Dalam SEMA ini disebutkan, perkawinan yang sah adalah yang dilakukan menurut hukum masing-masing agama dan kepercayaan itu, sesuai Pasal 2 Ayat 1 dan Pasal 8 huruf f Undang-Undang Nomor 1 Tahun 1974 tentang Perkawinan.
"Pengadilan tidak mengabulkan permohonan pencatatan perkawinan antarumat beragama yang berbeda agama dan kepercayaan," bunyi poin dua SEMA tersebut.
Baca juga: SEMA soal Nikah Beda Agama Bisa Timbulkan Ketidakpastian Hukum
Adapun Pasal 2 UU Perkawinan berbunyi:
(1) Perkawinan adalah sah, apabila dilakukan menurut hukum masing-masing agamanya dan kepercayaannya itu;
(2) Tiap-tiap perkawinan dicatat menurut peraturan perundang-undangan yang berlaku.
Juru bicara MA Suharto mengatakan, SEMA itu ditujukan untuk ketua pengadilan banding dan ketua pengadilan tingkat pertama.
Isinya, memberikan petunjuk bagi hakim dalam mengadili perkara permohonan pencatatan perkawinan antarumat yang berbeda agama dan kepercayaan.
Baca juga: MA Larang Nikah Beda Agama, Setara Institute: SEMA Kekang Hakim dan Kebebasan Warga
"Tujuannya jelas untuk memberikan kepastian dan kesatuan penerapan hukum dan itu juga merujuk pada ketentuan undang-undang.

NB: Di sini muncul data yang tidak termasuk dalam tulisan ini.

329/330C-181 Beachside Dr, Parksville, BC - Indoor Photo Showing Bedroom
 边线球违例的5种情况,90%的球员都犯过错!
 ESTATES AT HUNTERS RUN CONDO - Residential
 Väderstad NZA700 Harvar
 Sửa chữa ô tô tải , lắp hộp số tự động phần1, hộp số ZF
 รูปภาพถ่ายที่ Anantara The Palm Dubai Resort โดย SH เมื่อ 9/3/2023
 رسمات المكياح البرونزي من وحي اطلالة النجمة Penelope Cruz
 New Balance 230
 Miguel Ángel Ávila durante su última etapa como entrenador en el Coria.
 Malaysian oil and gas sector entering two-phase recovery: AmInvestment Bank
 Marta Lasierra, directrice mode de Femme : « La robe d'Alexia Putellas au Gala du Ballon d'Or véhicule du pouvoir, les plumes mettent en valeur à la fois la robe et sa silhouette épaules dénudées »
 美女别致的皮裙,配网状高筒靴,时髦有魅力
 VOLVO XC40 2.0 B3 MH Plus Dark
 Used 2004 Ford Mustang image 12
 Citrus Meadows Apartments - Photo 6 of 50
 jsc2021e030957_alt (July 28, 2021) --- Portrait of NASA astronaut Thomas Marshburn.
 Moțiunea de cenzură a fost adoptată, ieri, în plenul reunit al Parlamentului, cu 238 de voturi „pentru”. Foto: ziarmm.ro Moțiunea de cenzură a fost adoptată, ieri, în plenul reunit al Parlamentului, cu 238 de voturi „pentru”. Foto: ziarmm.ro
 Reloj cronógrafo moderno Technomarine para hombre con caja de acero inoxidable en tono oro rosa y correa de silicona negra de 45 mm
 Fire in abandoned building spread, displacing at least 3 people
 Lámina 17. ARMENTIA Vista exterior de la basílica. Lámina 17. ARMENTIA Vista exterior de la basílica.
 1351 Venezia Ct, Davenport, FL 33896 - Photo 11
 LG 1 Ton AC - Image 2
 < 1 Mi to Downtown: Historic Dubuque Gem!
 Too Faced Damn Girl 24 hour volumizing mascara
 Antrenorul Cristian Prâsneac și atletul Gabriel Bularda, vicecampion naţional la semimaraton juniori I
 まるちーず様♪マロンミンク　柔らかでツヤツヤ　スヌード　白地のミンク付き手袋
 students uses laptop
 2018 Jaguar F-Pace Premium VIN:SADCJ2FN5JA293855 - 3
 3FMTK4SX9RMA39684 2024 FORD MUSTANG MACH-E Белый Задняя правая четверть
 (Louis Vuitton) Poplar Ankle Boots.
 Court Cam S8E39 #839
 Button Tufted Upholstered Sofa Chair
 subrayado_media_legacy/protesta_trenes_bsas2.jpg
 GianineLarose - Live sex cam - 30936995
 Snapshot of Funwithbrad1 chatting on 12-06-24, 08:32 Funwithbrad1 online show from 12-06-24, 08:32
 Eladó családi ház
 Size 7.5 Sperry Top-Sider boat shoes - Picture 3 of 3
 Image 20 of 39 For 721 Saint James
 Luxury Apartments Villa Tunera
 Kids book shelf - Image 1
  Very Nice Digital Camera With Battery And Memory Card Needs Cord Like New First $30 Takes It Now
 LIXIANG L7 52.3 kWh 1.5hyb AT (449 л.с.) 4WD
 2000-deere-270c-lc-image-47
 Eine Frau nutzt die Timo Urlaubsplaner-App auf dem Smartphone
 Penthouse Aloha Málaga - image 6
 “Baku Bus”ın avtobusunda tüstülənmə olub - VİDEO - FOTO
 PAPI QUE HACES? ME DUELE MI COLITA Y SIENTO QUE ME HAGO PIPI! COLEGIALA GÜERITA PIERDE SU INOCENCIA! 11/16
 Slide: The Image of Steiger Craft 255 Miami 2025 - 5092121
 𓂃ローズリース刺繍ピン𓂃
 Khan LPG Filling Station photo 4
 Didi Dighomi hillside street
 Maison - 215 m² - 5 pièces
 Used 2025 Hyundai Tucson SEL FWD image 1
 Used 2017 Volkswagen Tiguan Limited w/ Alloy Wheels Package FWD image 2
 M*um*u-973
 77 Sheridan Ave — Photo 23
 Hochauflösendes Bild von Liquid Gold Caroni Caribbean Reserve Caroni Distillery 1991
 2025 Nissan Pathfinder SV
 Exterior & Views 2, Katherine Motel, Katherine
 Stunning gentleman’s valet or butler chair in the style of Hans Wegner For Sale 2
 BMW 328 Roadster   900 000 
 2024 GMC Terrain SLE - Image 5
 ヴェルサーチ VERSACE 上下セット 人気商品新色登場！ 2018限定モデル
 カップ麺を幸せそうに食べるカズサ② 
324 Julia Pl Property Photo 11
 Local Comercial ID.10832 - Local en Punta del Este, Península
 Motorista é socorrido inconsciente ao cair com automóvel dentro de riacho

Itu sesuai fungsi MA," ujar Suharto, Kamis (20/7/2023).
Ia pun menegaskan bahwa SEMA bukanlah regulasi, tetapi pedoman atau petunjuk yang merujuk pada UU Perkawinan di atas.
"SEMA itu prinsipnya bukan regulasi, tapi pedoman atau petunjuk dan rujukannya juga Pasal 2 UU Perkawinan," katanya.
Melalui surat edaran ini, kata Suharto, MA menjalankan fungsi pengawasan sebagaimana diatur dalam Pasal 32 Undang-undang Nomor 3 Tahun 2009 tentang Perubahan Kedua UU MA.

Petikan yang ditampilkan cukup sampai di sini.